High Energy Piezoelectric Pulse Generator

This investigation characterizes and models a high energy piezoelectric pulse generator (PPG) constructed from commercially available piezoelectric materials. The PPG converts mechanical energy into electrical energy, storing that energy in its internal capacitance. The energy storage of the PPG developed here is more than an order of magnitude greater compared to previous investigations. The large internal capacitance in the PPG is created by stacking numerous single-element piezoelectric devices and electrically connecting them in parallel. The total internal capacitance of the PPG is 0.15 muF. The PPG is piezoelectrically charged to 1000 Volts, thereby storing nearly one joule. The mechanical force needed to compress the PPG can be derived from many sources. However, in the laboratory, the mechanical force is developed from an identical PPG configured to operate in reverse as a force generator and powered by an external electrical power source.

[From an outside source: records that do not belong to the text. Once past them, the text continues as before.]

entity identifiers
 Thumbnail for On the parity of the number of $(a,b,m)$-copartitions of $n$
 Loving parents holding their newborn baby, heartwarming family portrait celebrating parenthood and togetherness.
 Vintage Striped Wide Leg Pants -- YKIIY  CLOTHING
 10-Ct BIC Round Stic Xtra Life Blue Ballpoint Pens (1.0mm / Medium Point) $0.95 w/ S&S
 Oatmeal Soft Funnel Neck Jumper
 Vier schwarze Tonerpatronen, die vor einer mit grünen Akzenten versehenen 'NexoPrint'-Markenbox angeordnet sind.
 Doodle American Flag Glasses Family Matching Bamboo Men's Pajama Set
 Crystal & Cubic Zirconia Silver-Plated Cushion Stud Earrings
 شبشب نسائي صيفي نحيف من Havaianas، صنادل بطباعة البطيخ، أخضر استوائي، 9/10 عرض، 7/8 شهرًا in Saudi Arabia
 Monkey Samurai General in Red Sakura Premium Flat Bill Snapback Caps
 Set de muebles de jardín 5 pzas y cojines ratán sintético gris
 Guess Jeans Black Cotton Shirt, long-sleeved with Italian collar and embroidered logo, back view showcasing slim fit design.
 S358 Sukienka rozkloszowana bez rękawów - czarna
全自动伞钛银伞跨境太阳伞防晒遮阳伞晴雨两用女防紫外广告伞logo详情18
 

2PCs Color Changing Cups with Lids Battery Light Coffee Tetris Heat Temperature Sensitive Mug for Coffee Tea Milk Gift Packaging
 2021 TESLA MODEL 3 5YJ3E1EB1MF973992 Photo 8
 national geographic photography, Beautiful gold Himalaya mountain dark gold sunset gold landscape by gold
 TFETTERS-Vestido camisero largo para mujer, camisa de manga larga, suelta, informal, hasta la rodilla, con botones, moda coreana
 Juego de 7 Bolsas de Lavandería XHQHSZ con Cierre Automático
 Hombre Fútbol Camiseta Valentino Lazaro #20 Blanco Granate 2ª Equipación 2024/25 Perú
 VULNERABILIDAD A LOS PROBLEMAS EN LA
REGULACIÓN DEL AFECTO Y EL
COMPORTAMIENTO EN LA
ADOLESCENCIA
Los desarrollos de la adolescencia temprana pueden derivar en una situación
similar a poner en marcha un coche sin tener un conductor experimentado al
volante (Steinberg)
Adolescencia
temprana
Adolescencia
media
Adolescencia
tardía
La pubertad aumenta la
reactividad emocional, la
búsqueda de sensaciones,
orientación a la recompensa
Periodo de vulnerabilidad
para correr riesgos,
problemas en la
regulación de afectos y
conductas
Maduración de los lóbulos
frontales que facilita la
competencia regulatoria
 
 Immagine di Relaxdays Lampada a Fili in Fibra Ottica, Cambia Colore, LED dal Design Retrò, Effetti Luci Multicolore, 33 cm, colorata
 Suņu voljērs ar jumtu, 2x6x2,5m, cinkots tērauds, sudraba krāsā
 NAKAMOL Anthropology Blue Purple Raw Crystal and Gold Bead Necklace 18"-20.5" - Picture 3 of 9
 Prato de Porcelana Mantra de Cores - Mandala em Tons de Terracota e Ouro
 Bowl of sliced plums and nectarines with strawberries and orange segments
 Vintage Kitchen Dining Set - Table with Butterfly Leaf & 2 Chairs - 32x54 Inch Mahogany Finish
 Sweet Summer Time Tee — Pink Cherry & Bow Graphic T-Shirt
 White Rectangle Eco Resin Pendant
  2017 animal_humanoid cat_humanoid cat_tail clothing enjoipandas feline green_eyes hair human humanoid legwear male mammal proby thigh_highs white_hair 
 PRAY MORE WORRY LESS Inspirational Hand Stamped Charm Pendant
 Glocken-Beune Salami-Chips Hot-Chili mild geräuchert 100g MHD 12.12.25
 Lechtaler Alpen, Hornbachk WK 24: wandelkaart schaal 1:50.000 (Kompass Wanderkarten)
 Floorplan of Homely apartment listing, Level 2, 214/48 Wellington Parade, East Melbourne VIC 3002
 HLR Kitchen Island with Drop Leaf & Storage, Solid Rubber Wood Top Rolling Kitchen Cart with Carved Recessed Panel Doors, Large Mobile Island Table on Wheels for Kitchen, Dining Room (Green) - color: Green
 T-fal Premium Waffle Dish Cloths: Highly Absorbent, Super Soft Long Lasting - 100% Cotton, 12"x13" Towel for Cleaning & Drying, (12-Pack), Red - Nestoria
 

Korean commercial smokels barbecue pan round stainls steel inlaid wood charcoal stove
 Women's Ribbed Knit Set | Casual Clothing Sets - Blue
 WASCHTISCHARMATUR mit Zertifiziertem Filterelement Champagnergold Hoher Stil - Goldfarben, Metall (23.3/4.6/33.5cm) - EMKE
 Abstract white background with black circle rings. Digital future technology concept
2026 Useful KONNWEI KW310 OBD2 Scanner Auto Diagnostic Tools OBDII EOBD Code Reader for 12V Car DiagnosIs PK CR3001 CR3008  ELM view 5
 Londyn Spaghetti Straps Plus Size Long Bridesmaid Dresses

Peak forces on the order of 17 kN are needed to compress the PPG. An electromechanical model of the PPG is developed in PSpice and used to predict the performance of the PPG under a variety of conditions. The PPG is modeled as a lumped-element mechanical system consisting of a mass, spring, and dashpot. The PSpice simulations are compared to experimental test results with mechanical force rise-times ranging from sub-millisecond to several milliseconds. There is good agreement between the theoretical predictions and experimental results.